Once legitimacy rests on who is deemed a“credible” or “authentic” Muslim, the conversation can only slide downhill. It was this “not Muslim enough” game within our communities that Anjem was destined to win. By definition, such a game is stacked in favour of the fanatic. As a nation, we came to tolerate such incredible intolerance. Too many on the left simply assumed Islamism was “Muslim culture, so let’s enjoy it”. Too many on the right said “it’s Muslim culture, let’s keep it at arm’s length”, while Islamists told Muslims “this is your culture, you have no choice but to follow it”. Very few were actively engaged in challenging Islamism, as they would racism or antisemitism.
Mass calls for a caliphate followed by a jihadist murder on London’s streets in 1995 should have acted as a clear warning of the Isis brutality that was set to befall us all. If only there had been civil society resistance against Islamism back when I was 17. Perhaps we would not have lost an entire generation to those who laid the groundwork for Isis to reach our continent.

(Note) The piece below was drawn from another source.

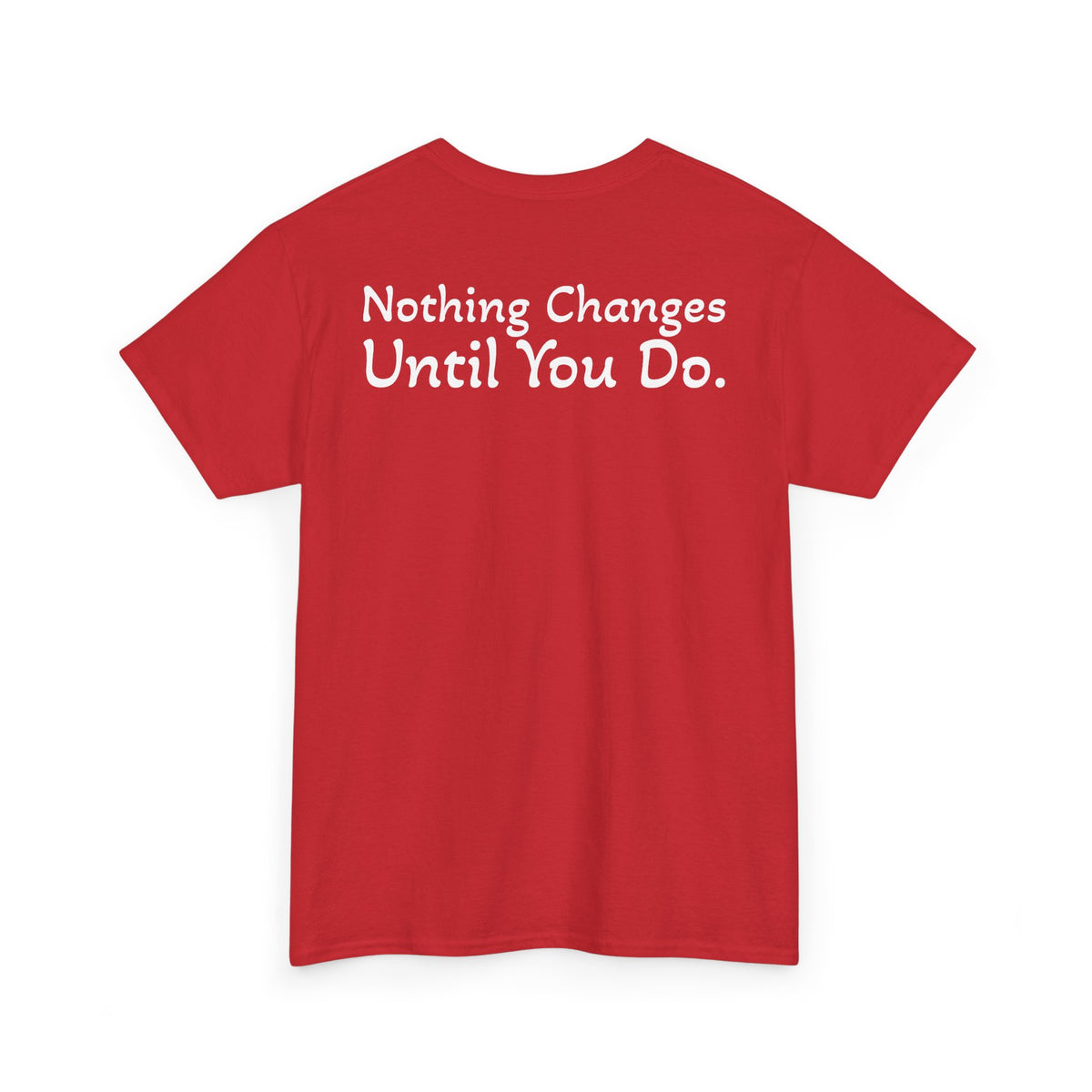 T‑Shirt "Nothing Changes Until You Do" (on the back)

Just as one of my former British-Pakistani solicitors went on to become the mayor of London, perhaps the other could also have gone on to do great things, on the right side of English law. A sudden mass-migration of European Muslims on the scale that went to join the caliphate did not emerge from a vacuum. Why would it surprise us then that more Muslims left the UK to join Isis than joined our armed forces? They were simply responding to 20 years of unchecked radicalisation within our communities. Two decades earlier, they had been promised at Wembley arena: Khilafah — coming soon to a country near you.